◆ What the task requires ◆
Keep the pictures out while you transcribe the listing below exactly.
___ Recorded information
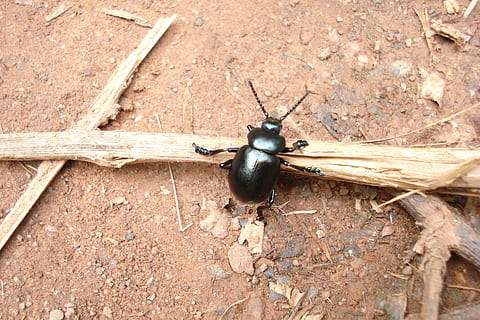 Insect, Soil, Nature, Bug, Brand, Wood, environment, macro, brown, ground, earth, rough, pest, texture, animals in the wild, animal themes, one animal, animal wildlife, no people, animal, invertebrate, close-up, beetle, day, wood - material, high angle view, gastropod, outdoors, zoology, black color, mollusk, 2K, CC0, public domain, royalty free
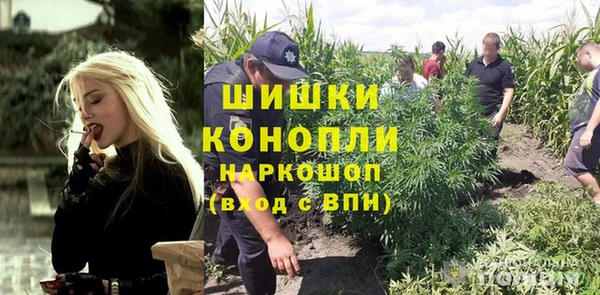 дживик Медвежьегорск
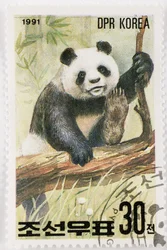 Frimærke/Nordkorea/Ailuropoda melanoleuca/Grand panda/Giant Panda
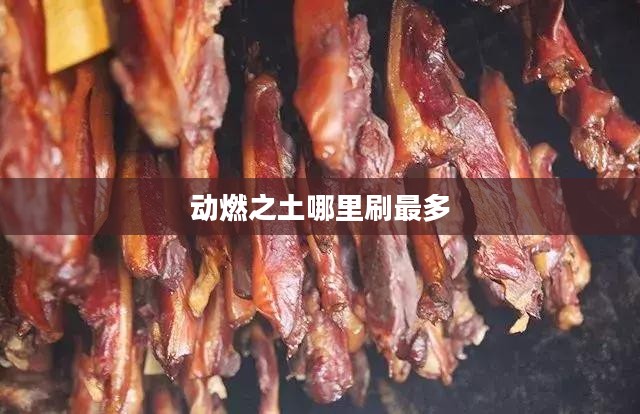 动燃之土在现代科技与工程领域的应用与价值解析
______
◆ Solution to the exercise ◆
 Insect, Soil, Nature, Bug, Brand, Wood, environment, macro, brown, ground, earth, rough, pest, texture, animals in the wild, animal themes, one animal, animal wildlife, no people, animal, invertebrate, close-up, beetle, day, wood - material, high angle view, gastropod, outdoors, zoology, black color, mollusk, 2K, CC0, public domain, royalty free
 дживик Медвежьегорск
 Frimærke/Nordkorea/Ailuropoda melanoleuca/Grand panda/Giant Panda
 动燃之土在现代科技与工程领域的应用与价值解析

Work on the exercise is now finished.